Because little discussion exists around what makes code beautiful, it helps to look at a neighboring field that has a longer history of discourse on the subject: mathematics. Mathematicians, normally a precise bunch, have a way of retreating into that squirrelly word, beauty, when speaking of the discipline’s highest virtue. When surveying discussions of mathematical beauty, however, a fair amount of schmaltz and abstraction seems to creep in. Normally paragons of rigor, some mathematicians suddenly become romantics. Bertrand Russell once described, in oddly lascivious language, mathematics as “a beauty cold and austere, like that of sculpture, without appeal to any part of our weaker nature, without the gorgeous trappings of painting or music, yet sublimely pure.” Some become mystics. Arthur Cayley, a 19th-century British mathematician, said, “As for everything else, so for a mathematical theory: beauty can be perceived but not explained.”
Purple prose abounds. Euler’s identity (eiπ + 1 = 0) is, Stanford mathematician Keith Devlin writes, “a Shakespearean sonnet that captures the very essence of love,” which “reaches down into the very depths of existence.” Even Paul Erdős, when asked why numbers are beautiful, failed to articulate: “It’s like asking why Beethoven’s Ninth Symphony is beautiful. If you don’t see why, someone can’t tell you. I know numbers are beautiful. If they aren’t beautiful, nothing is.” Unless he’s employing a proof technique I don’t recognize, this sounds an awful lot like the hackneyed you-know-when-you-see-it obscenity defense.

A more concrete place to start is British mathematician G. H. Hardy’s 1940 essay A Mathematician’s Apology. It’s something of a sacred text enshrined in the hearts of aspiring mathematicians—with all that entails—much like Surely You’re Joking, Mr. Feynman! is for young physicists (or think Patti Smith for the mathematically inclined).
Hardy presents two classic theorems as exemplars of mathematical beauty: Euclid’s proof that there are infinitely many prime numbers, and Pythagoras’s proof that √2 is irrational.
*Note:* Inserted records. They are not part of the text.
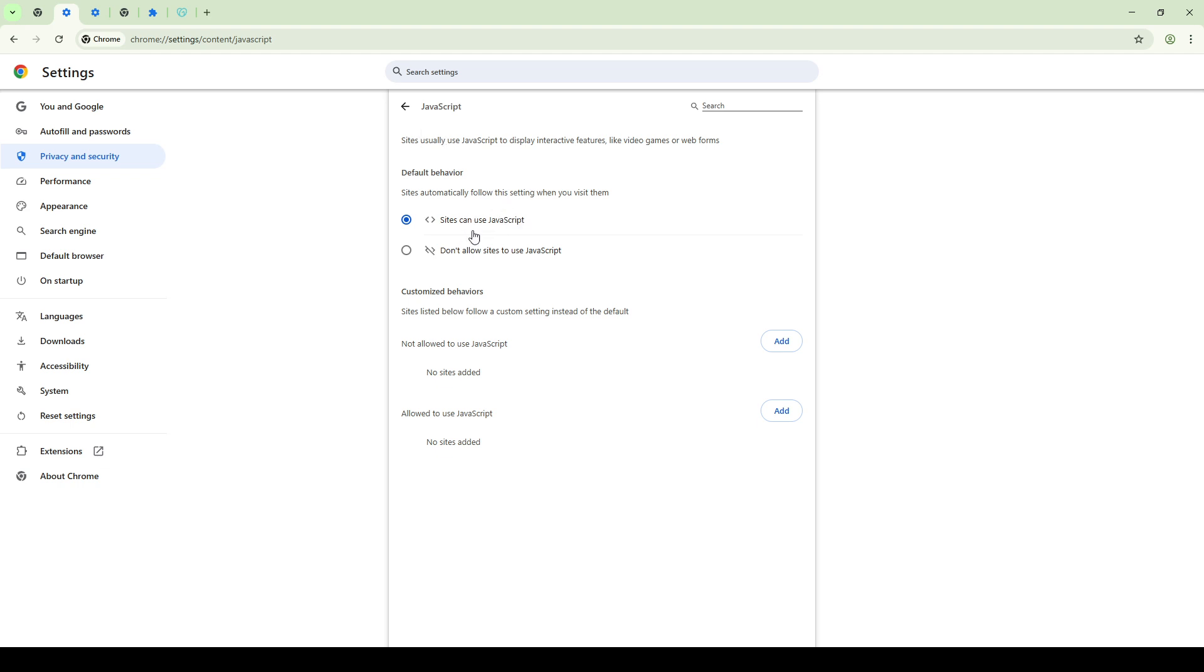If you're on Firefox, you'll need to go to Options, then Privacy and Security, followed by Permissions to select JavaScript. For those using Safari, open Preferences, go to Websites, and look for JavaScript in the left-hand menu and make the necessary adjustments.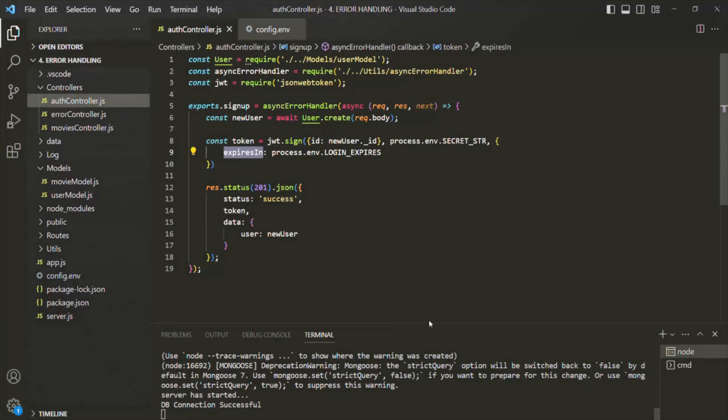So here we have logged the user in once they sign up. But what about users who are already signed up and want to log in to the application? For that, we need to implement a login functionality, and that's what we are going to do in the next lecture. If you have any questions, feel free to ask. Thank you for listening and have a great day.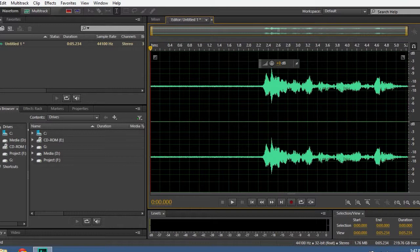First, click the record button, wait for 2 seconds and then start recording. When you finish, click the stop button.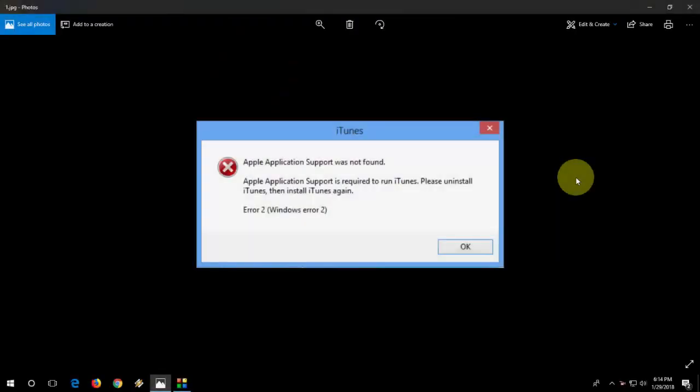Okay guys, this is a common error we get when installing iTunes on Windows PC. Error 2: Apple Application Support was not found. You need to reinstall and reinstall again, all these things.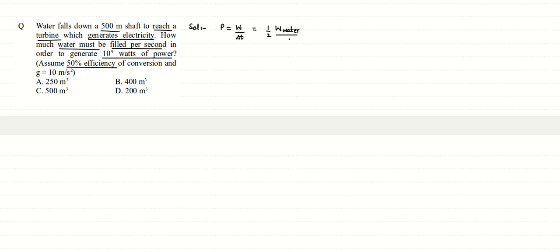The work done by gravity on water is given by mgh. We get this divided by 2 delta t.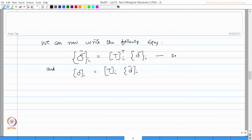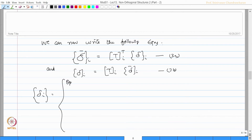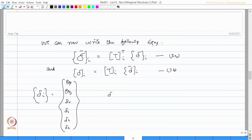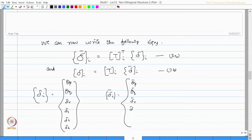I call these equations 3a and 3b, where delta_i is simply theta_p, theta_q, delta_r, delta_s, delta_bar_t, delta_h; and delta_bar_i will be theta_bar_p, theta_bar_q, delta_r, delta_s, delta_bar_s, delta_bar_t, delta_bar_h.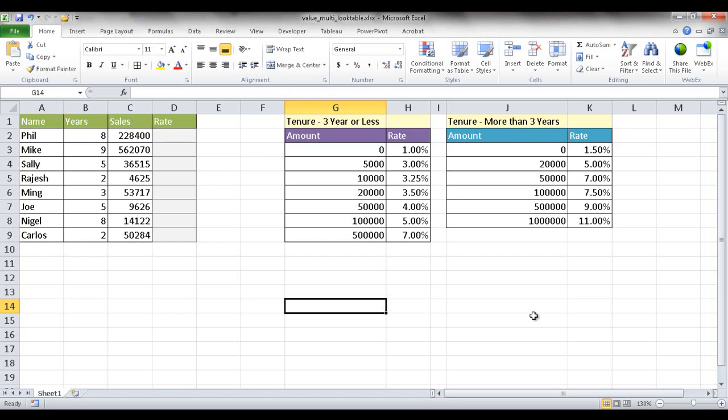Hi, in this session I'm going to show you how to get a value based on multiple lookup tables. Let's say for example, we have these salespeople and based on the tenure of how long they work for a company, they would get a certain rate.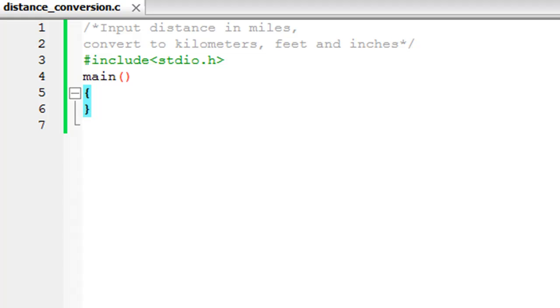We're going to make a program that asks the user to input distance in miles, and then we're going to convert that value into distance in kilometers, feet, and inches. As you can see, I've saved this file. It's called distance_conversion.c.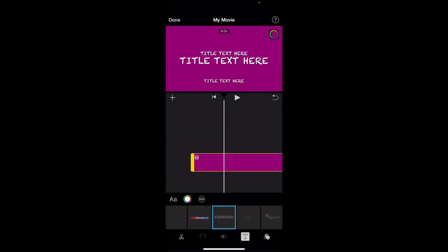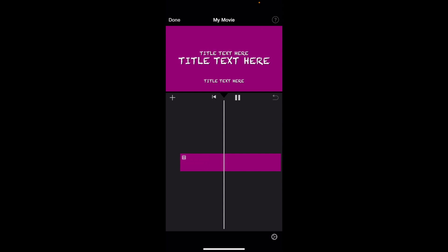Once that is done, there you go, and now you have successfully changed the font here in your video in iMovie. It's pretty straightforward—that's how you can change the text font of some text here in iMovie. Thanks again for watching and I hope this video helps.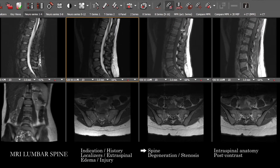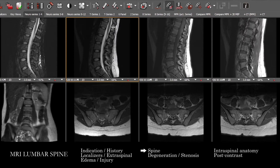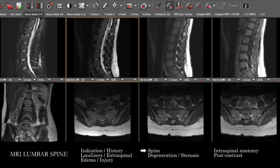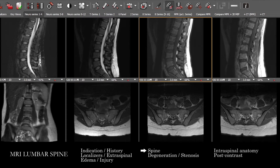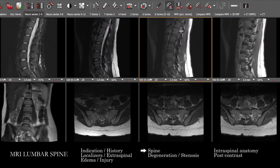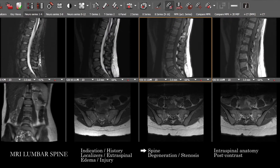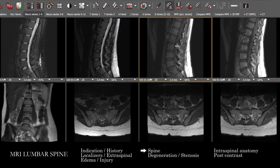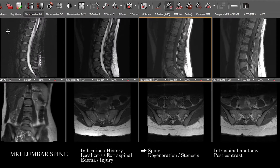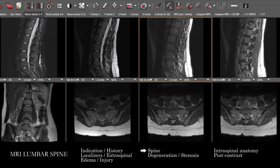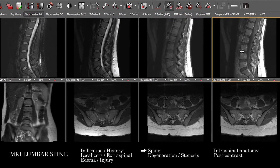Typically I look for any suspicious abnormal marrow replacement on the T1 pre-contrast — typically darker than muscle or disc, though I prefer to use muscle for comparison because disc signal can change with pathology. Compare marrow to muscle, look for abnormal marrow replacement, compare that to marrow edema, and if there's anything abnormal, look for abnormal contrast enhancement.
Both theorems, Hardy writes, possess “a very high degree of unexpectedness, combined with inevitability and economy.” He goes on to enumerate six criteria in total (economy, generality, depth, significance, unexpectedness, and inevitability) though he ultimately acknowledges the inherent ambiguity in what qualifies under them and doesn’t provide many concrete examples. Thus a good companion text is MIT mathematician and philosopher Gian-Carlo Rota’s The Phenomenology of Mathematical Beauty, an equally brilliant, but less well known—though perhaps more rigorous and sober-toned—exploration that both grounds and challenges Hardy’s points.
For instance, Rota discusses the theorem that there are only five Platonic solids: tetrahedron, cube, octahedron, dodecahedron, and icosahedron. As he notes, it’s not merely their generalizability that makes them remarkable but also their unexpectedness. In other words, if you examine every molecule and object in the entire universe—from subatomic particles to entire galaxies, all the way to the very edge of this expanding cosmos—not a single physical structure that violates these mathematical truths will ever appear. That’s quite something.
Or take Euler’s identity, an almost occultic formula where nature’s fundamental constants are arranged so compactly with seeming inevitability—like a neatly folded piece of origami. Some have even called it proof of God. I don’t know about that, but despite its tendency to put mathematicians in a melodramatic mood, it may hint at a coherent structure underlying the deep fabric of nature: a certain depth and inevitability.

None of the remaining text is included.